XPath Cheatsheet for Links and URLs#
Combine attributes and functions to target specific link nodes. But first, how to get all <a> link nodes:
//a
Exact Matching#
Get all HTTPS links using the starts-with() function:
//a[starts-with(@href, 'https')]
Get all non-HTTPS links. As above, but negated by the non() function:
//a[not(starts-with(@href, 'https'))]
Get all links for MP3 audio files using the ends-with() function:
//a[ends-with(@href, '.mp3')]
Get all links without a trailing slash by combining the not() and ends-with() functions.

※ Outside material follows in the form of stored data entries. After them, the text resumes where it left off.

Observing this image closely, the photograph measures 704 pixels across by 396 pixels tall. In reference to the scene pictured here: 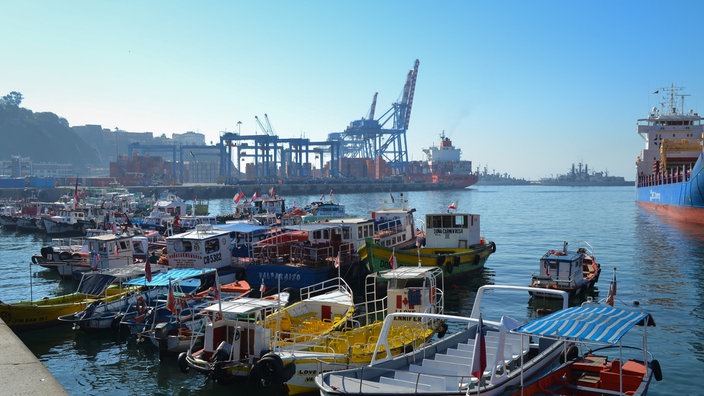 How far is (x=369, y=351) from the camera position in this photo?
1653 centimetres

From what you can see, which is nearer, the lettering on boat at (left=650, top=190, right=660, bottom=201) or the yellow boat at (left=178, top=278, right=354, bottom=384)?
the yellow boat at (left=178, top=278, right=354, bottom=384)

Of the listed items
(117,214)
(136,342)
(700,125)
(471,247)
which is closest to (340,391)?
(136,342)

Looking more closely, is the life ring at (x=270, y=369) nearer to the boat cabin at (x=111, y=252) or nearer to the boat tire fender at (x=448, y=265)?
the boat tire fender at (x=448, y=265)

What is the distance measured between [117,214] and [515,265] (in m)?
43.1

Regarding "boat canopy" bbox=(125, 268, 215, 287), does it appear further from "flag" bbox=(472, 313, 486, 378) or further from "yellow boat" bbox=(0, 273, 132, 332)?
"flag" bbox=(472, 313, 486, 378)

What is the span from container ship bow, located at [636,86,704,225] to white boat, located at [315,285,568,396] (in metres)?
48.0

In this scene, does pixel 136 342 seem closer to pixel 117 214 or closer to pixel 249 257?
pixel 249 257

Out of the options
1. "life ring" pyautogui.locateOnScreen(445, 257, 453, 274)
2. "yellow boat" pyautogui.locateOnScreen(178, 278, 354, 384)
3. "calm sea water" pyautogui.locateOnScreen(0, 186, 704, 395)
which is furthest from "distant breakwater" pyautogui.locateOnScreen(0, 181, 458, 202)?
"yellow boat" pyautogui.locateOnScreen(178, 278, 354, 384)

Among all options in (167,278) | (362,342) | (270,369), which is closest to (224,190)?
(167,278)

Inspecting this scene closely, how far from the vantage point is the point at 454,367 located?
46.8 ft

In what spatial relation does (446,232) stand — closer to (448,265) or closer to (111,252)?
(448,265)

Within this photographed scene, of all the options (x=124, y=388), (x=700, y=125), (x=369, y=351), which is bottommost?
(x=124, y=388)

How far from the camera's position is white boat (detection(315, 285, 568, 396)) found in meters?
12.0

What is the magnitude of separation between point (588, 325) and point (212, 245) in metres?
22.3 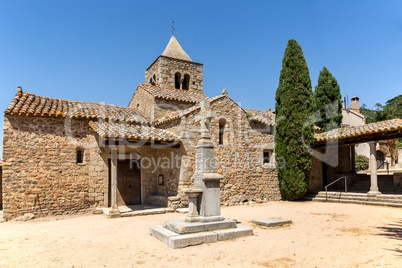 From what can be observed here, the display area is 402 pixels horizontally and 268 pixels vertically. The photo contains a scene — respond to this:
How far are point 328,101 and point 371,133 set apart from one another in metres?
12.1

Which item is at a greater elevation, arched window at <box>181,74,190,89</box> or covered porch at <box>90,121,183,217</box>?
arched window at <box>181,74,190,89</box>

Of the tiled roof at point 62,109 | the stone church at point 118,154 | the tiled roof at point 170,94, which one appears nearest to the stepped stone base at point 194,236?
the stone church at point 118,154

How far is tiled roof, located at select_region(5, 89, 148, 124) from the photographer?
35.7 feet

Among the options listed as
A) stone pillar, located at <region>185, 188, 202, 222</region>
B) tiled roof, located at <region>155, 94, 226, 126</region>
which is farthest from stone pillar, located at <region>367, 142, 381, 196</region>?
stone pillar, located at <region>185, 188, 202, 222</region>

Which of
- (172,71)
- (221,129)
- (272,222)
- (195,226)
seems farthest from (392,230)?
(172,71)

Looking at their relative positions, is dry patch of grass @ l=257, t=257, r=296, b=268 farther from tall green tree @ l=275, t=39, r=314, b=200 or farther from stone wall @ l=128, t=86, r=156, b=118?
stone wall @ l=128, t=86, r=156, b=118

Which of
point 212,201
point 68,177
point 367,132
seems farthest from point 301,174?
point 68,177

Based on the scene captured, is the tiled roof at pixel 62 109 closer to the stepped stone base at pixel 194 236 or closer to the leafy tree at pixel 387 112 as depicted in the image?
the stepped stone base at pixel 194 236

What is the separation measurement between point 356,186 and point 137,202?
1265 cm

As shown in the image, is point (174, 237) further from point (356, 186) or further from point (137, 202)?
point (356, 186)

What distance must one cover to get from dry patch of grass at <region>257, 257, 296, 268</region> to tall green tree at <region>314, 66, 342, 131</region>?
65.2ft

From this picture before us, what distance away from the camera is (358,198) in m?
13.2

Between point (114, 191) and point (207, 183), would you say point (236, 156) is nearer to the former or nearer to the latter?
point (114, 191)

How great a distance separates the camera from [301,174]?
14422mm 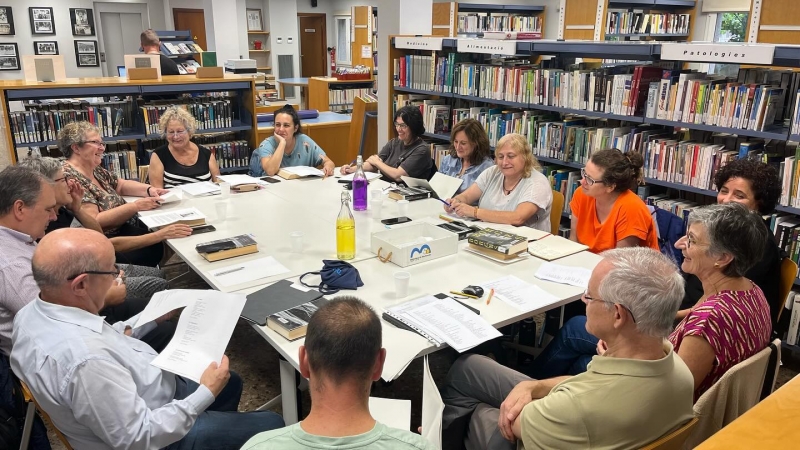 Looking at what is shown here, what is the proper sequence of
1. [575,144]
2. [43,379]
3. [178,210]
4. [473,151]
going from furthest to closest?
[575,144]
[473,151]
[178,210]
[43,379]

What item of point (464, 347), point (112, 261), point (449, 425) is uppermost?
point (112, 261)

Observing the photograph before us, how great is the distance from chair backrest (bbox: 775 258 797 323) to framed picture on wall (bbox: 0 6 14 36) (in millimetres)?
12362

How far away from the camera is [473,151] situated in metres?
4.03

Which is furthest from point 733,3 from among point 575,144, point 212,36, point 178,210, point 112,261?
point 112,261

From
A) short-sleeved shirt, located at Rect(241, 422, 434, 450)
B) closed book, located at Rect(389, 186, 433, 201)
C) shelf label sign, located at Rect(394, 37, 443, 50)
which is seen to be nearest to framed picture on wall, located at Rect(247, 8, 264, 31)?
shelf label sign, located at Rect(394, 37, 443, 50)

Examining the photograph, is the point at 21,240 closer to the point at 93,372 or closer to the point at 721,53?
the point at 93,372

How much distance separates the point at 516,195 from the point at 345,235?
1.20 m

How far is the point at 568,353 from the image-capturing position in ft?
7.71

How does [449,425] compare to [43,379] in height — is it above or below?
below

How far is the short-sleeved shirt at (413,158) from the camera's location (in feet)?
15.0

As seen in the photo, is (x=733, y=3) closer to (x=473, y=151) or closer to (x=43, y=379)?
(x=473, y=151)

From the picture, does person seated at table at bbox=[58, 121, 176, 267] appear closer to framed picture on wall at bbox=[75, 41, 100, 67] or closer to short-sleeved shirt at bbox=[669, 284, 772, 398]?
short-sleeved shirt at bbox=[669, 284, 772, 398]

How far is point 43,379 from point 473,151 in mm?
3001

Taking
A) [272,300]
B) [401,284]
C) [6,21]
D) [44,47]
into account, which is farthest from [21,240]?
[44,47] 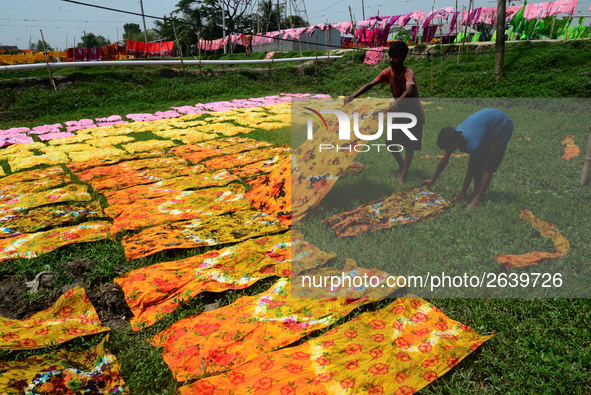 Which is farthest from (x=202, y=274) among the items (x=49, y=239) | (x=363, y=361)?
(x=49, y=239)

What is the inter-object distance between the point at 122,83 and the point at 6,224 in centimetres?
1108

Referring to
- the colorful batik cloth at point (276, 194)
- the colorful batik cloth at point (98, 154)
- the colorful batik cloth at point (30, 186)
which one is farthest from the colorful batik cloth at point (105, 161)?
the colorful batik cloth at point (276, 194)

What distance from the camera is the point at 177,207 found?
153 inches

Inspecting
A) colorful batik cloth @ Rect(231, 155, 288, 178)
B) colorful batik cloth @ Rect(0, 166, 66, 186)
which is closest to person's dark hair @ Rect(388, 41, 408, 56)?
colorful batik cloth @ Rect(231, 155, 288, 178)

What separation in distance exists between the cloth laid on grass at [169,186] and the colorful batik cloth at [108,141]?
2790mm

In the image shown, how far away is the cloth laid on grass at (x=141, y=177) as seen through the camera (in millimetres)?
4645

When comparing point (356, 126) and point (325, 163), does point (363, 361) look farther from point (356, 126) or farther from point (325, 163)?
point (356, 126)

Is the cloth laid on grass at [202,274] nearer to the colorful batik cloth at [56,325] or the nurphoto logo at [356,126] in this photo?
the colorful batik cloth at [56,325]

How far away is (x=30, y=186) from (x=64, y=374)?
3.76 metres

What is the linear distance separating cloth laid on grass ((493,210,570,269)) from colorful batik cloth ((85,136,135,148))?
6554 millimetres

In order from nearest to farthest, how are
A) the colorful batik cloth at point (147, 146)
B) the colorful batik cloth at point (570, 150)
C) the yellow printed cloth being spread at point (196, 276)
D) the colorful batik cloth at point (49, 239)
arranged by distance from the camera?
the yellow printed cloth being spread at point (196, 276)
the colorful batik cloth at point (49, 239)
the colorful batik cloth at point (570, 150)
the colorful batik cloth at point (147, 146)

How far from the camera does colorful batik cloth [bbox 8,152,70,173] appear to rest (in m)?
5.59

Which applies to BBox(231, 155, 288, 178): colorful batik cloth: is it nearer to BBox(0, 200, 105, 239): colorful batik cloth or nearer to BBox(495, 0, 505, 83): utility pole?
BBox(0, 200, 105, 239): colorful batik cloth

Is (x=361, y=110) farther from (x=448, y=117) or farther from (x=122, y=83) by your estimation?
(x=122, y=83) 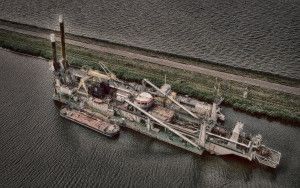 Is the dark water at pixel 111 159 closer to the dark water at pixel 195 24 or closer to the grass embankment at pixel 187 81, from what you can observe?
the grass embankment at pixel 187 81

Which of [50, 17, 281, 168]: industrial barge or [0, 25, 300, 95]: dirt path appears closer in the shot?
[50, 17, 281, 168]: industrial barge

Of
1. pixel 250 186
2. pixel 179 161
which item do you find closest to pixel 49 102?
pixel 179 161

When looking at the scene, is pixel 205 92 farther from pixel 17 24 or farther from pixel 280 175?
pixel 17 24

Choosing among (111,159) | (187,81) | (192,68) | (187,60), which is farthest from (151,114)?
(187,60)

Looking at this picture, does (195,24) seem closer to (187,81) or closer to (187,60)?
(187,60)

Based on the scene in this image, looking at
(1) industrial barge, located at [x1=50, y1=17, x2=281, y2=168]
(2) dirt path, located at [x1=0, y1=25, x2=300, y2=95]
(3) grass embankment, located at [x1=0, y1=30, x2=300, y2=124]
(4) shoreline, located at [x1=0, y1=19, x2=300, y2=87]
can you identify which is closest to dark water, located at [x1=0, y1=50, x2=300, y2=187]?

//a[not(ends-with(@href, '/'))]
Non-Exact Matching#
Get all blog links that using the contains() function:
//a[contains(@href, 'blog')]
Negate the above to get all non-blog links using the not() function:
//a[not(contains(@href, 'blog'))]
Get all blog links about food using the and operator:
//a[contains(@href, 'blog') and contains(@href, 'food')]
Get all blog links that aren't about food by combining the and and not() operators:
//a[contains(@href, 'blog') and not(contains(@href, 'food'))]
Get all blog or news links using the or operator:
//a[contains(@href, 'blog') or contains(@href, 'news')]
Other#
Get all links with a URL longer than 55 characters using the string-length() function:
//a[string-length(@href) > 55]